Among a large number of angle prediction methods, classification-based method shows a favorable performance [8, 9, 10]. Specifically, it decouples the angle from the bounding boxes and transforms the angle prediction into a classification task, thereby eliminating the boundary problem [11]. Moreover, [12] also shows a strong potential of classification-based method in high-precision oriented object detection. Nevertheless, there still exists some issues, such as ignoring the correlation between the angle and aspect ratio completely, introducing hyperparameter (e.g. window radius in [8]), and etc. Thus, the accuracy of the angle prediction is hindered to some extent.

Recently, the transformer-based detectors [13, 14] have revived the object detection task. Without additional complicated hand-designed components like preset Anchor or Non-Maximum Suppression (NMS), DEtection TRansformer (DETR [13]) regards object detection as a set prediction task and assigns labels by bipartite graph matching, which achieves a comparable performance with classical detectors like Faster RCNN [15]. Existing DETR derivatives [14, 16, 17, 18, 19, 20] dramatically improve detection performance and convergence speed, exhibiting great potential of Transformer for high-precision object detection. Although some DETR-based oriented object detection methods [21, 22] have been proposed, they still use regression to predict angle and do not take into account the issues caused by boundary discontinuity. Meanwhile, they predict angle in a simple way and do not explore how to embed angle information into DETR. How to use DETR more naturally in oriented object detection is still a research topic.

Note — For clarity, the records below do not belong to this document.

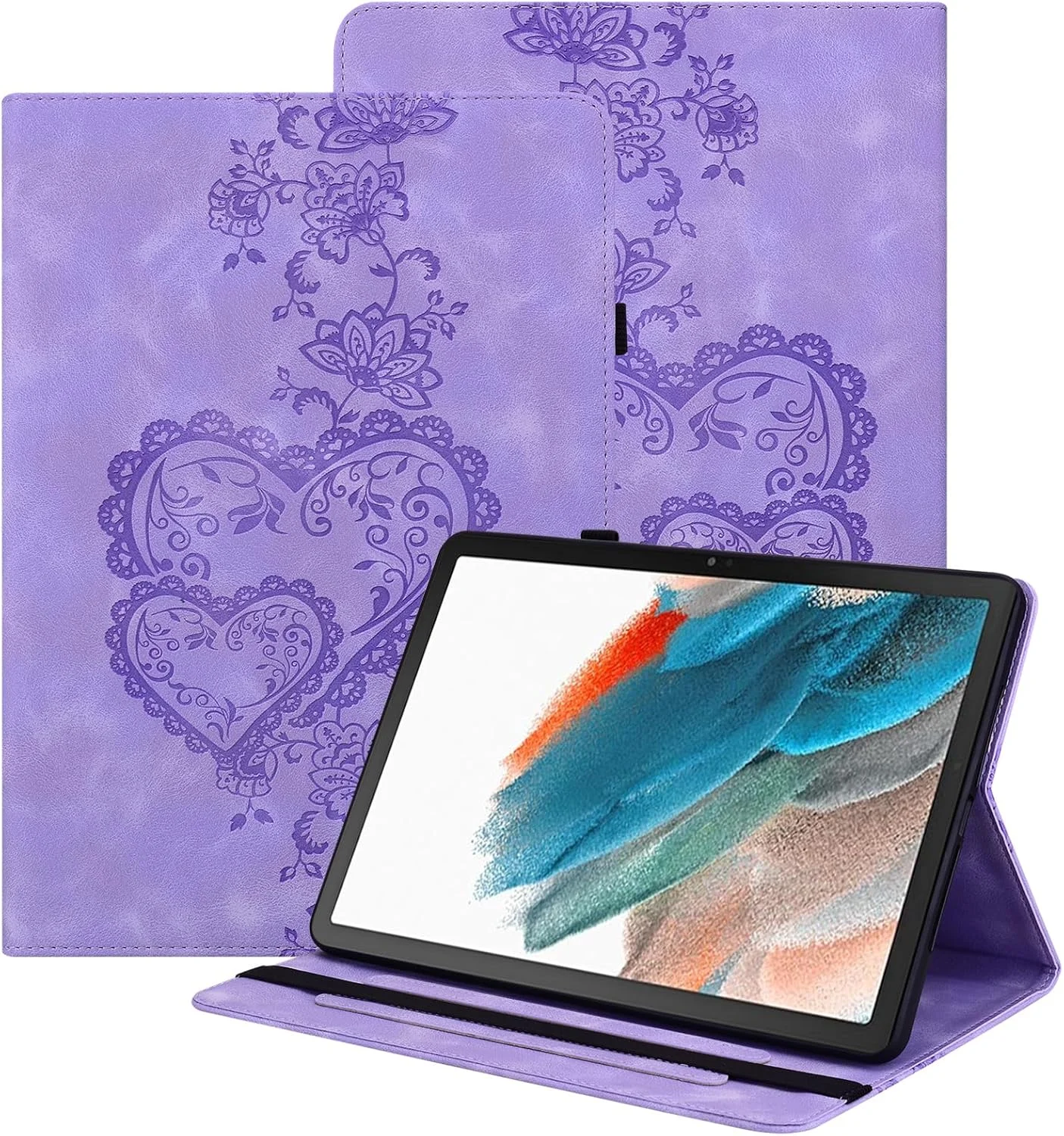 کیف تبلت بولاو مناسب برای تبلت سامسونگ گلکسی تب A 9.7 اینچ (SM-T550/T555) با عملکرد استند و جای کارت، طرح برجسته قلب، چرم مصنوعی، رنگ بنفش کیف تبلت بولاو مناسب برای تبلت سامسونگ گلکسی تب A 9.7 اینچ (SM-T550/T555) با عملکرد استند و جای کارت، طرح برجسته قلب، چرم مصنوعی، رنگ بنفش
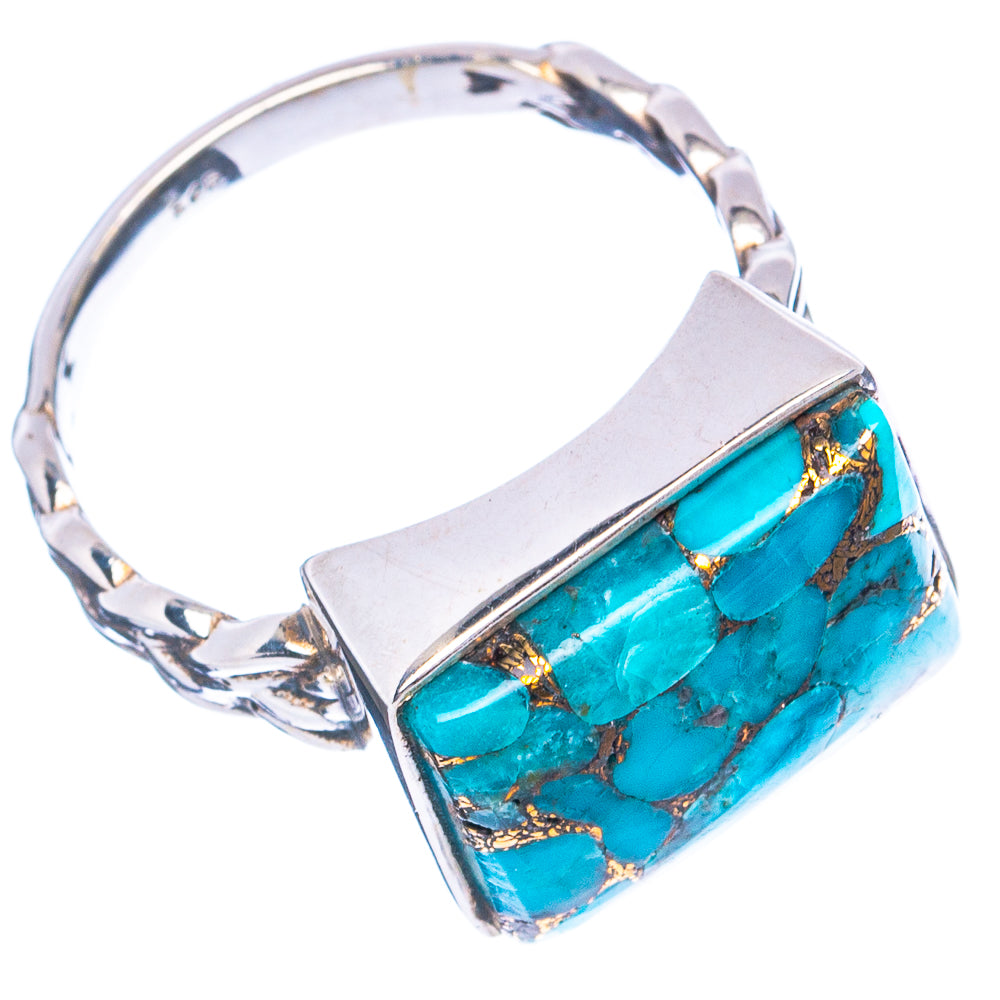 Blue Copper Turquoise Ring Size 7 (.925 Sterling Silver)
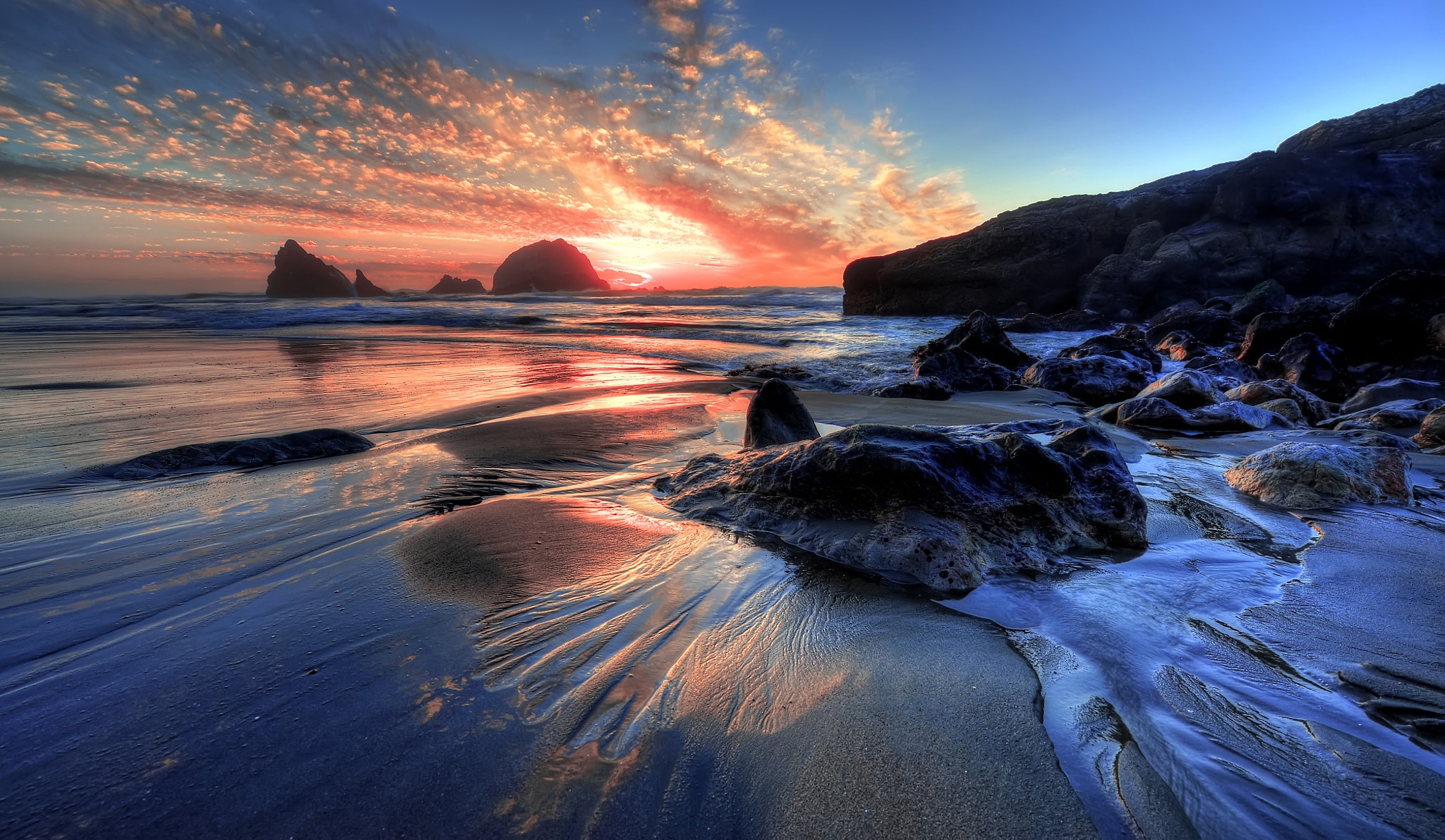 Free download wallpaper Nature, Sunset, Beach, Horizon, Earth on your PC desktop
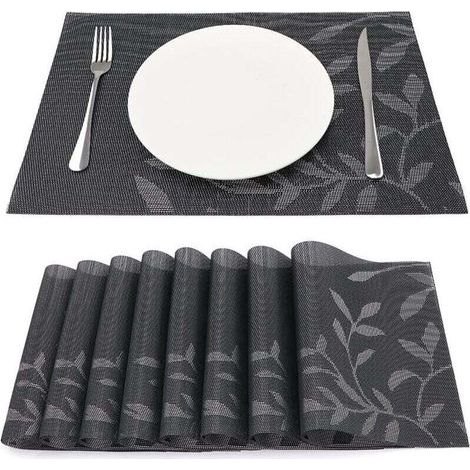 Lot de 8 sets de table en vinyle résistant à la chaleur et durable, tapis de cuisine en tissu, 45 cm x 30 cm, motif feuilles foncées (1/5)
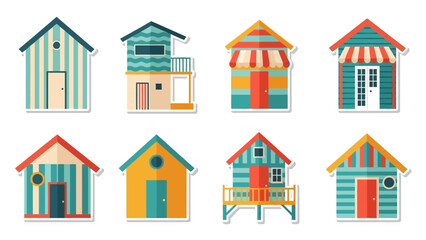 A vibrant collection of colorful seaside beach hut stickers. Vector illustration of small cabins for summer vacation themes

In this paper, we propose an Aspect Ratio Sensitive DEtection TRansformer to achieve oriented object detection in aerial images, called ARS-DETR. Specifically, a hyperparametric free Aspect Ratio aware Circle Smooth Label (AR-CSL) is designed to represent the relationship of adjacent angles according to the aspect ratios of objects. Considering the sensitivity of different objects to angle, AR-CSL uses the SkewIoU of the objects with different aspect ratios under each angle deviation to smooth the angle labels. Then, We also propose a rotated deformable attention module to embed the angle information into detector to align the features. Finally, we adopt the aspect ratio sensitive matching and loss strategy to enable dynamic adjustment of the detector’s training, thereby reducing the burden of model training. Extensive experiments on different aerial datasets demonstrate the effectiveness of ARS-DETR in high-precision oriented object detection. In summary, our contributions lie in four-folds as follows:

•

We analyze the influence of angle deviation in the oriented object detection in detail and give the corresponding formula. Additionally, we also analyze the flaws of the current oriented object detection metric (i.e. AP₅₀).
•

A new angle classification method called AR-CSL is designed to smooth angle labels in a more reasonable way. This method adopts the values of the SkewIoU of objects with different aspect ratios under each angle deviation, while also eliminating the hyperparameter of window radius that was introduced by previous work.
•

We propose an angle embedded Rotated Deformable Attention module (RDA) to incorporate the angle information for extracting the aligned features. Meanwhile, the Aspect Ratio sensitive Matching (ARM) and Aspect Ratio sensitive Loss (ARL) are developed to adaptively adjust the focus on the angle based on the aspect ratio of the object. In addition, we also combine with DeNoising strategy (DN) to further improve the performance of DETR-based method for oriented object detection.
•

Extensive experiments on three public aerial datasets: DOTA-v1.0, DIOR-R and OHD-SJTU demonstrate the effectiveness of the proposed model. ARS-DETR achieves a competitive performance on high-precision oriented object detection in the all datasets.

II Related Work

II-A Oriented Object Detection

As an emerging task, oriented object detection has made great progress in recent years. The simple solution [23] for oriented object detection task is to change the Anchor or Region of Interests (RoIs) from the horizontal type to the rotated type. RoI-Transformer [4] constructs the geometry transformation to rotate the proposals to locate the objects more accurately. To address the feature misalignment in refined single-stage detectors, R³Det [24] and S²A-Net [25] adopt the feature alignment module to get a more accurate location. However, these mainstream regression-based methods often suffer the boundary problem [8] due to the predictions beyond the defined range and need additional complicated treatment. SCRDet [5] designs a novel IoU-Smooth L1 Loss to alleviate the sudden increase in loss caused by angle periodicity and edge exchangeability, which reduces the difficulty of model training.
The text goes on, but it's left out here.